In a large room, a person receives direct sound waves from a source $120\,m$ away from him. He also receives waves from the $25\,m$ high ceiling at a point halfway between them. The two interfere constructively for wavelengths of:
A) $20\,m$, $\dfrac{{20}}{3}\,m$, $\dfrac{{20}}{5}\,m$
B) $10\,m$, $20\,m$, $30\,m$, etc.
C) $10\,m$, $5\,m$, $\dfrac{{10}}{3}\,m$, etc.
D) $15\,m$, $25\,m$, $35\,m$, etc.

Answer 1

Hint: The constructive interference of the wavelength of the sound waves can be determined by using the formula which shows the relation between the path difference and the phase difference. And by using this relation, the wavelength can be determined.

Formula used:
The phase difference of the sound waves can be given by,
$\delta = \dfrac{{2\pi }}{\lambda } \times \Delta x$
Where, $\delta $ is the phase difference of the sound waves, $\lambda $ is the wavelength of the sound waves and $\Delta x$ is the path difference.

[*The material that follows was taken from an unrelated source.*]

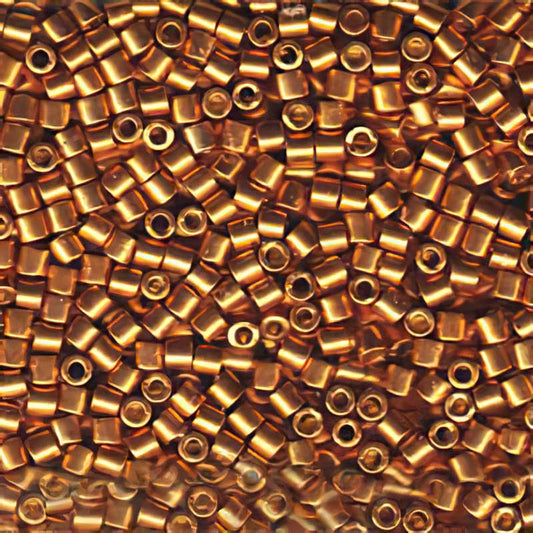 Delica 10/0 Beads - dbm1833 - Galvanized Yellow Gold [Duracoat] 7.5g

Complete step by step solution:
Given that,
In a large room, a person receives direct sound waves from a source $120\,m$ away from him and also he receives waves from the $25\,m$ high ceiling at a point halfway between them.
Now, the path difference of the sound wave when the man receives the sound from two sides is given by the square root of the sum of the individual square of the distance and subtracted from the total distance, then
$\Delta x = 2\left( {\sqrt {{{25}^2} + {{60}^2}} } \right) - 120$
By squaring the terms inside the square root in the above equation, then
$\Delta x = 2\left( {\sqrt {625 + 3600} } \right) - 120$
By adding the terms inside the square root in the above equation, then
$\Delta x = 2\left( {\sqrt {4225} } \right) - 120$
By taking the square root in the above equation, then the above equation is written as,
$\Delta x = 2\left( {65} \right) - 120$
By multiplying the terms in the above equation, then the above equation is written as,
$\Delta x = 130 - 120$
By subtracting the terms in the above equation, then the above equation is written as,
$\Delta x = 10$
Now, the phase change is written as,
$\delta = 2n\pi $
By substituting the above equation in the phase difference formula, then
$2n\pi = \dfrac{{2\pi }}{\lambda } \times \Delta x$
By cancelling the same terms in the above equation, then the above equation is written as,
$n = \dfrac{{\Delta x}}{\lambda }$
By rearranging the terms in the above equation, then the above equation is written as,
$\lambda = \dfrac{{\Delta x}}{n}$

For, the constructive interference, the value of $n$ is $1$, $2$, $3$……… and also substituting the path difference in the above equation, then
$\lambda = 10$ for $n = 1$
For next interference,
$\lambda = 5$ for $n = 2$
For next interference,
$\lambda = \dfrac{{10}}{3}$ for $n = 3$

Hence, the option (C) is the correct answer.

Note: For the constructive interference the order of the interference is starting form $1$ and it is not starting from $0$. The order of the interference is continuously going with increasing order. If the order of the interference is increasing, the wavelength decreases.